Required action
Skip the images and return the records below exactly.

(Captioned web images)
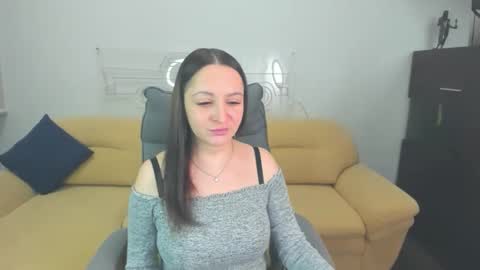Snapshot of likaa_likaa chatting on 01-15-26, 10:20 Lika online show from 01-15-26, 10:20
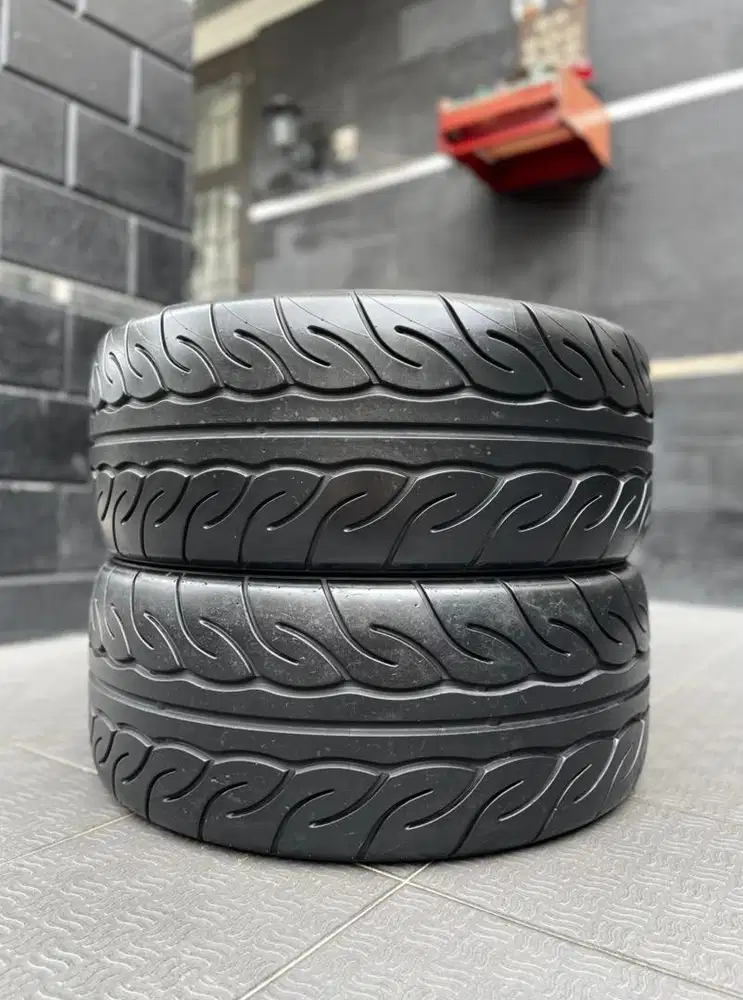 245 40 19 Yokohama Advan Neova AD08R BMW F10 F30 Mercy W212 W213 Audi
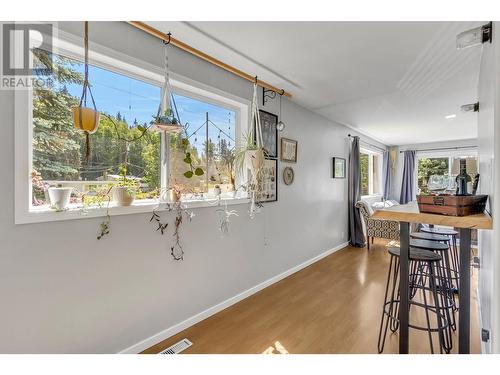 1863 Dubois Drive, Prince George, BC - Indoor Photo Showing Kitchen With Double Sink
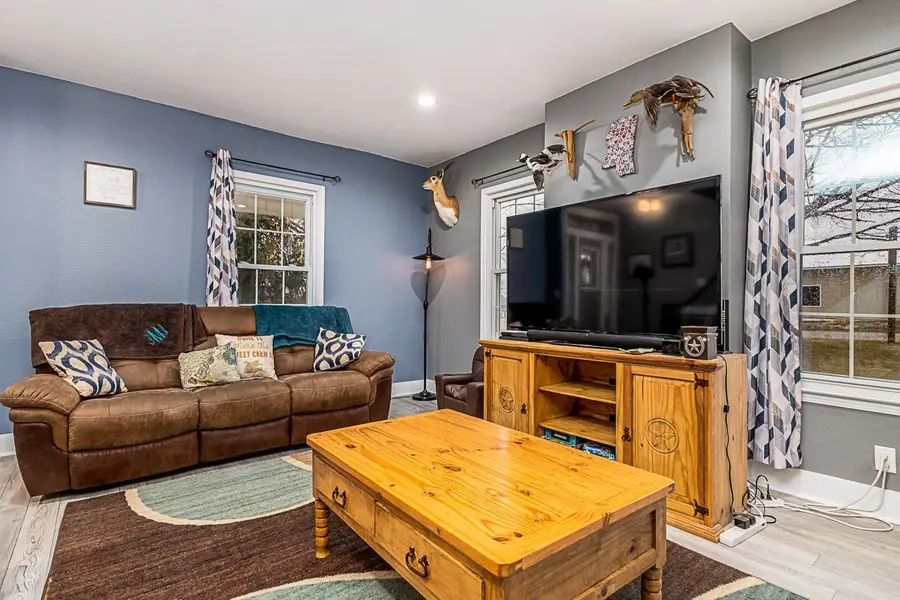 203 SE Monroe Street, Cascade, IA 52033 - Image #3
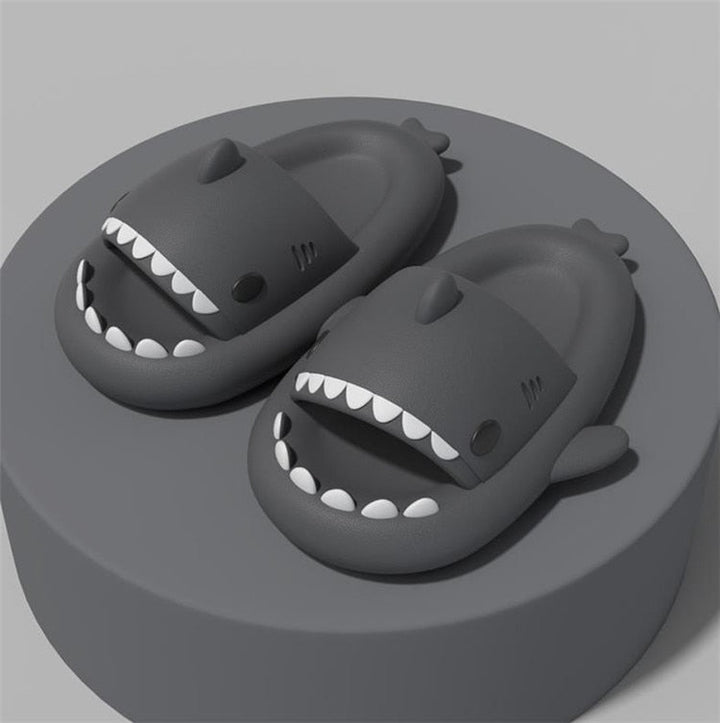 Levoire | Chaussons Requin Noir 36-37 (22 cm longueur)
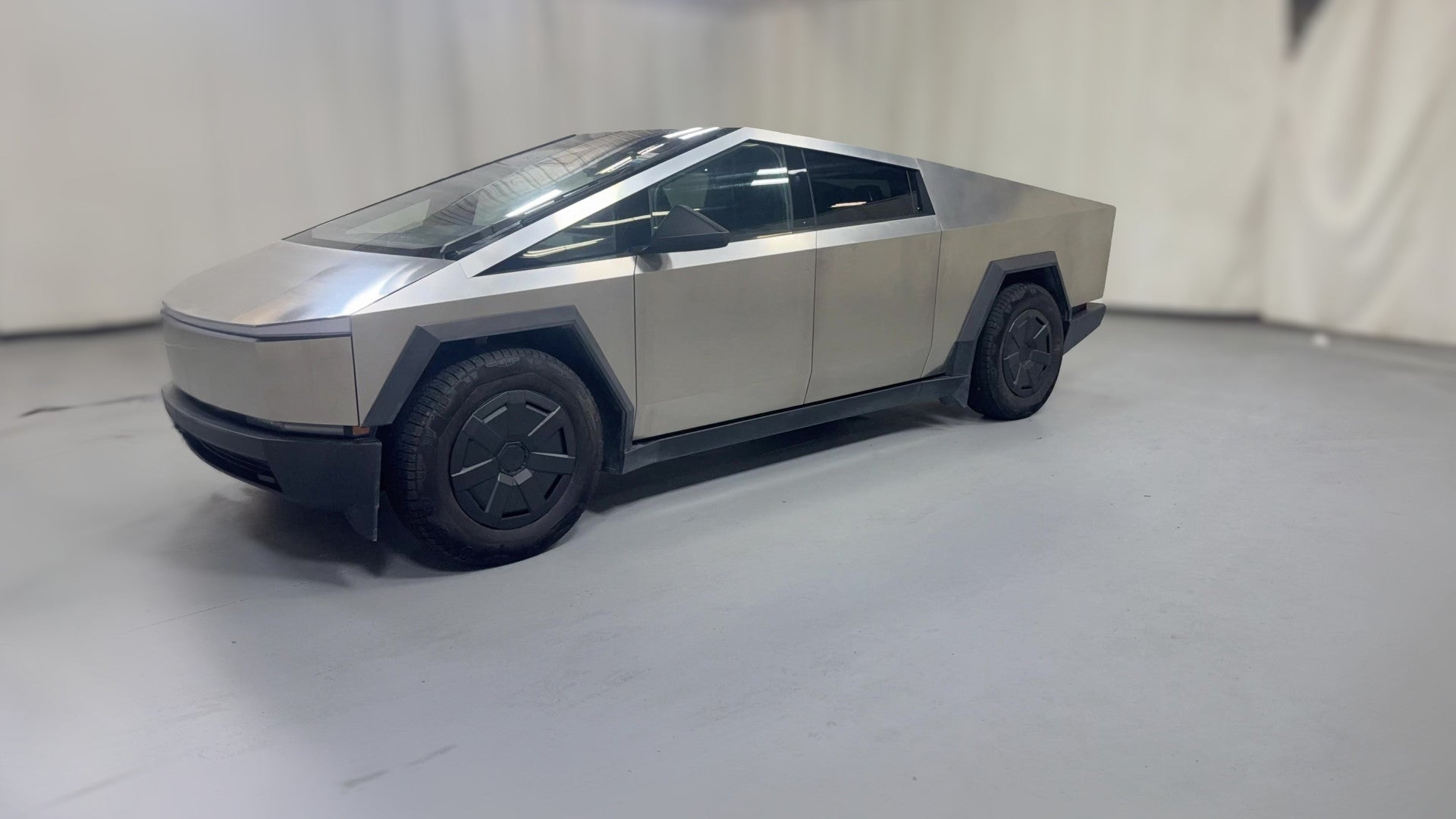 2025 Tesla Cybertruck vehicle photo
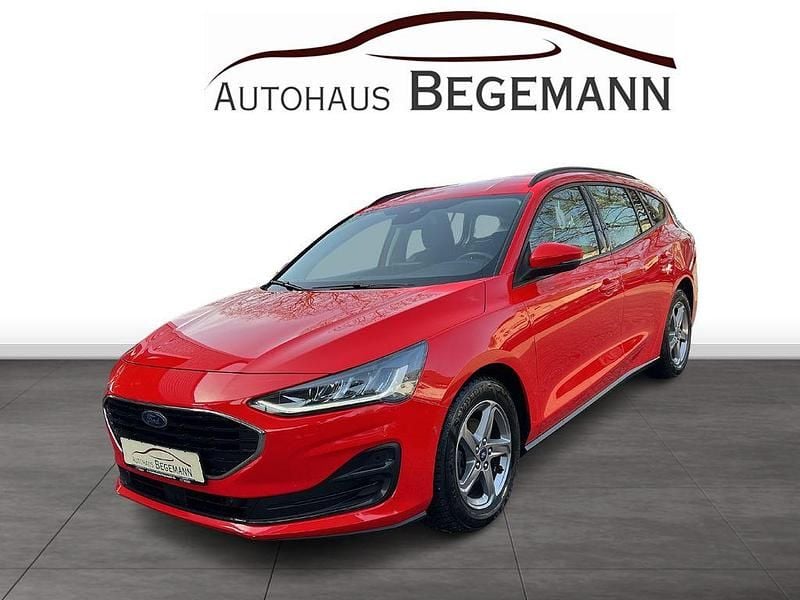 Gebraucht Ford Focus 120 PS (88 kW) 2022 Rot Limousine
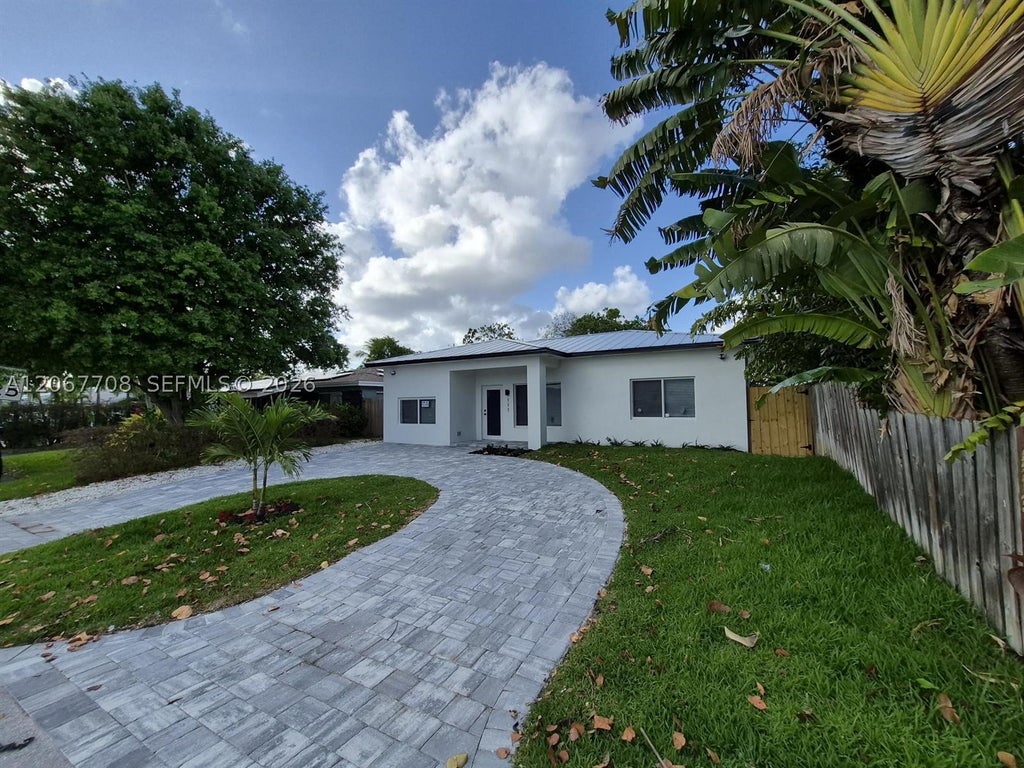 Photo of 111 NE 45th St, Oakland Park, FL 33334 (MLS # A12067708)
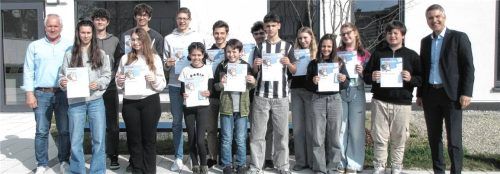 Schulleiter Markus Höß (rechts) und Koordinator Wolfgang Hirn (links) mit den Preisträgern eines ersten Preises.Foto  re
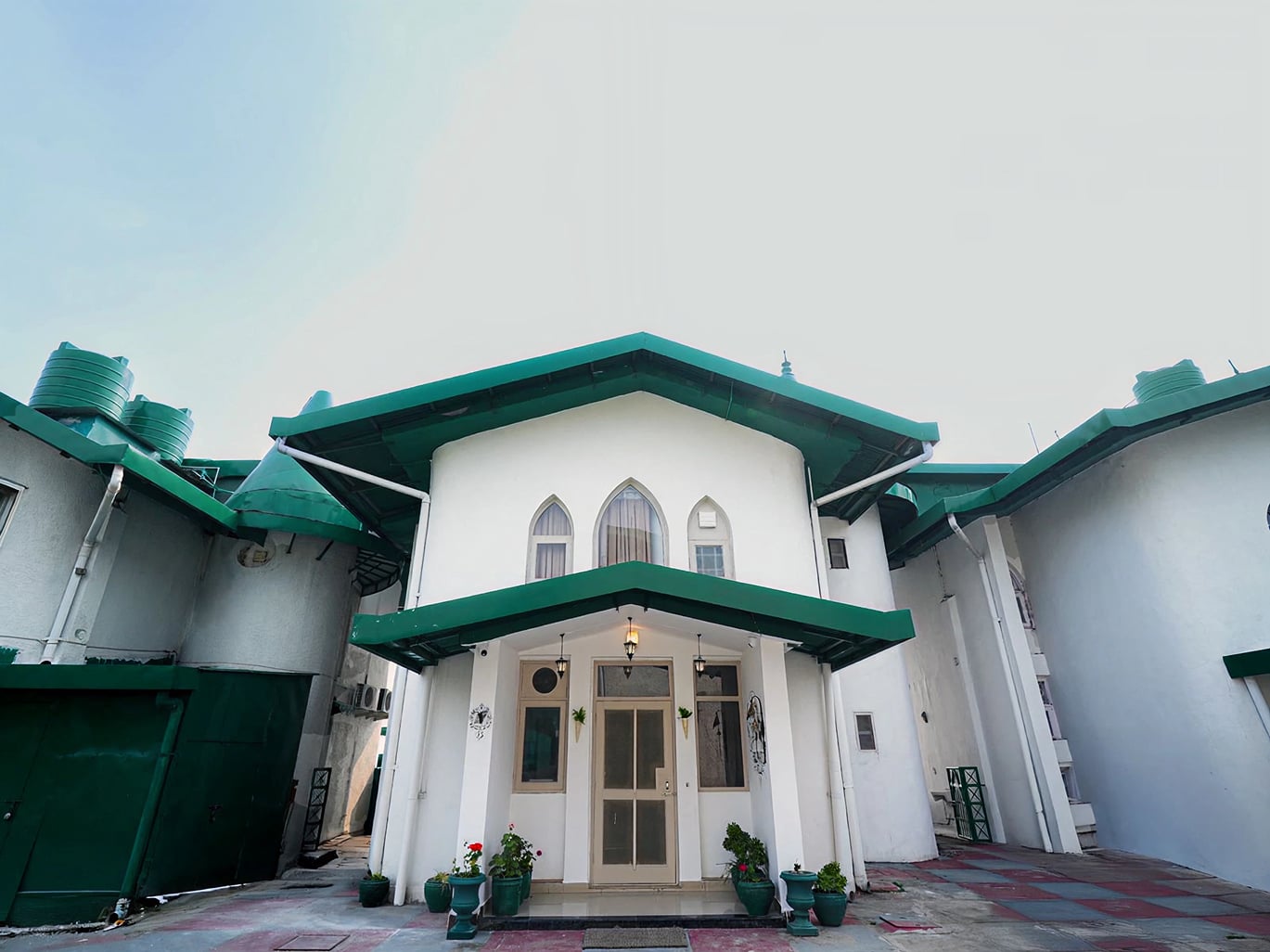 Hogwarts Villa — view 1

Problem solution
Snapshot of likaa_likaa chatting on 01-15-26, 10:20 Lika online show from 01-15-26, 10:20
 245 40 19 Yokohama Advan Neova AD08R BMW F10 F30 Mercy W212 W213 Audi
 1863 Dubois Drive, Prince George, BC - Indoor Photo Showing Kitchen With Double Sink
 203 SE Monroe Street, Cascade, IA 52033 - Image #3
 Levoire | Chaussons Requin Noir 36-37 (22 cm longueur)
 2025 Tesla Cybertruck vehicle photo
 Gebraucht Ford Focus 120 PS (88 kW) 2022 Rot Limousine
 Photo of 111 NE 45th St, Oakland Park, FL 33334 (MLS # A12067708)
 Schulleiter Markus Höß (rechts) und Koordinator Wolfgang Hirn (links) mit den Preisträgern eines ersten Preises.Foto  re
 Hogwarts Villa — view 1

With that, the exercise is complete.